▸ **TASK DESCRIPTION**:
Using the records that follow, reproduce exactly the lines starting at the line containing "Presidentes de Perú, Chile, México" and ending at the line containing "孙演丰堪舆学四册pdf 峦头+龙水+玄空+天星". Include both end lines and no pictures.

▸ **SUPPLIED DATA**:
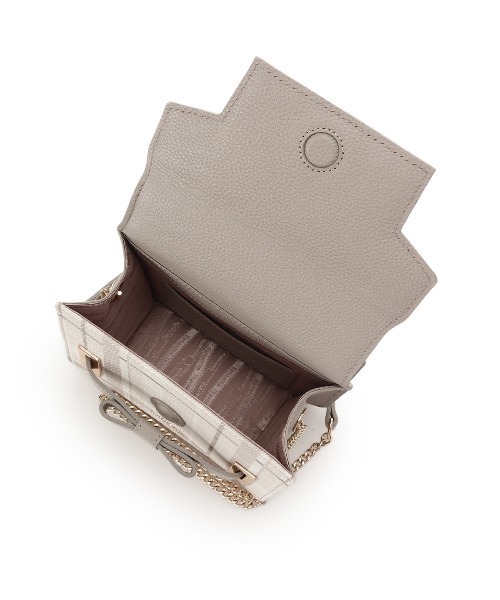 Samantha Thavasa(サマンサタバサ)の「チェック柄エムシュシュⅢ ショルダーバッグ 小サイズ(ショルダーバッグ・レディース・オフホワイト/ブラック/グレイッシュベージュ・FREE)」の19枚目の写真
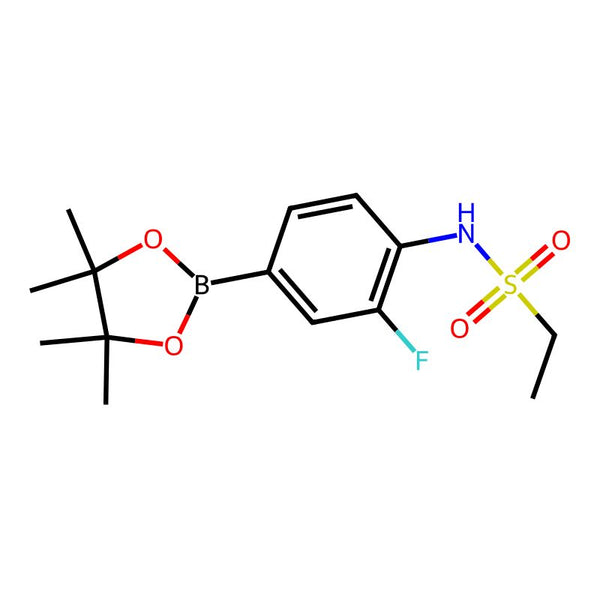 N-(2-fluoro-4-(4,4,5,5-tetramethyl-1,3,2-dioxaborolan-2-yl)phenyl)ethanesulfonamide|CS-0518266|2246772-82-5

---

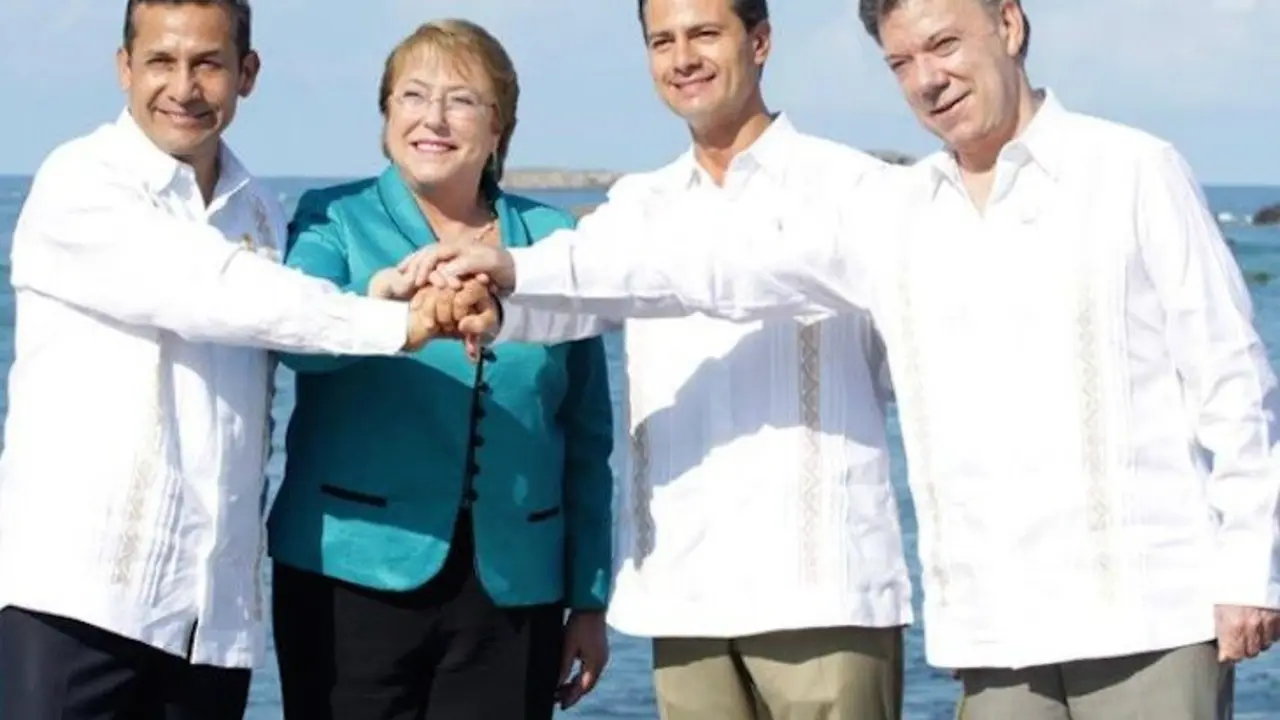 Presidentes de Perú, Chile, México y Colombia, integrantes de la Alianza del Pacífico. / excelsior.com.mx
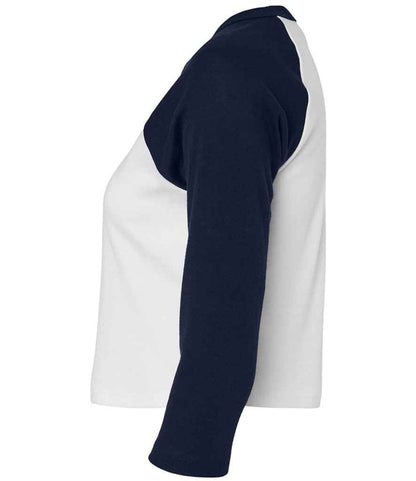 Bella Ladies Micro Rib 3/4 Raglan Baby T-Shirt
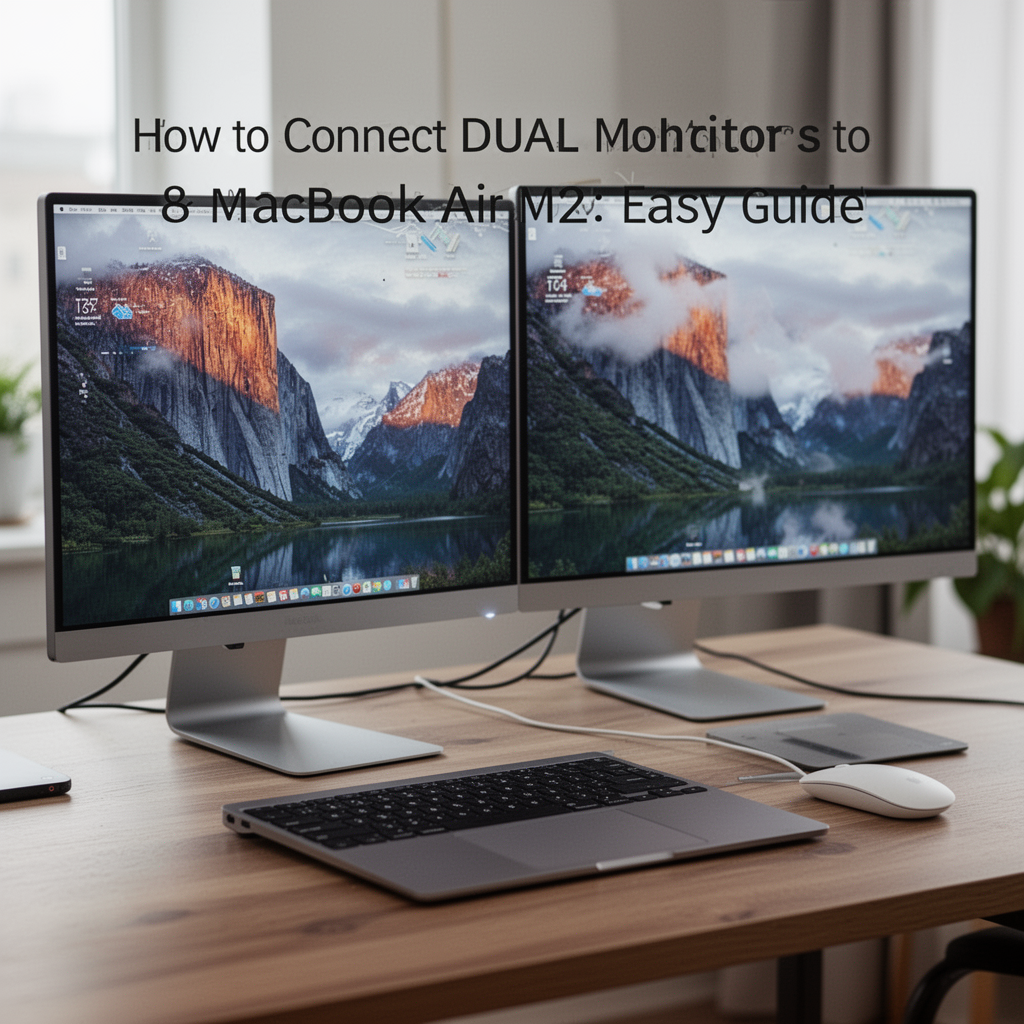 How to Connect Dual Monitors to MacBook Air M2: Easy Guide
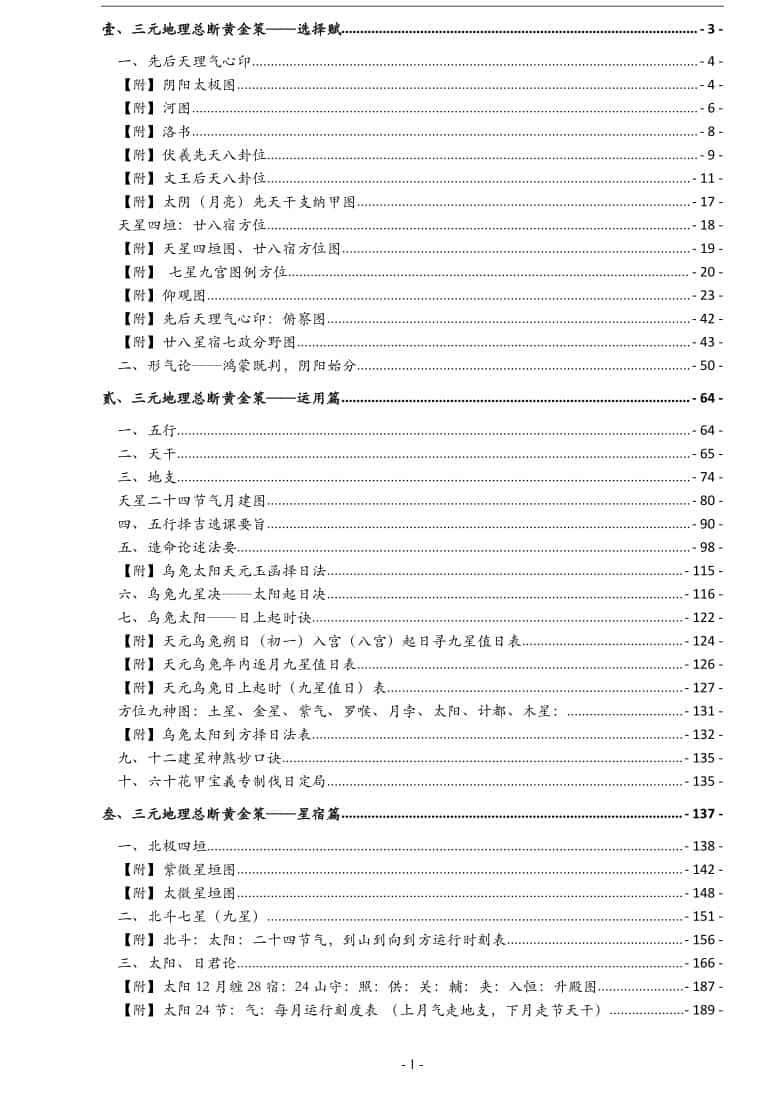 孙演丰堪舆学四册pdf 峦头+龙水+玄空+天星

▸ **ANSWER SPACE**:
 Presidentes de Perú, Chile, México y Colombia, integrantes de la Alianza del Pacífico. / excelsior.com.mx
 Bella Ladies Micro Rib 3/4 Raglan Baby T-Shirt
 How to Connect Dual Monitors to MacBook Air M2: Easy Guide
 孙演丰堪舆学四册pdf 峦头+龙水+玄空+天星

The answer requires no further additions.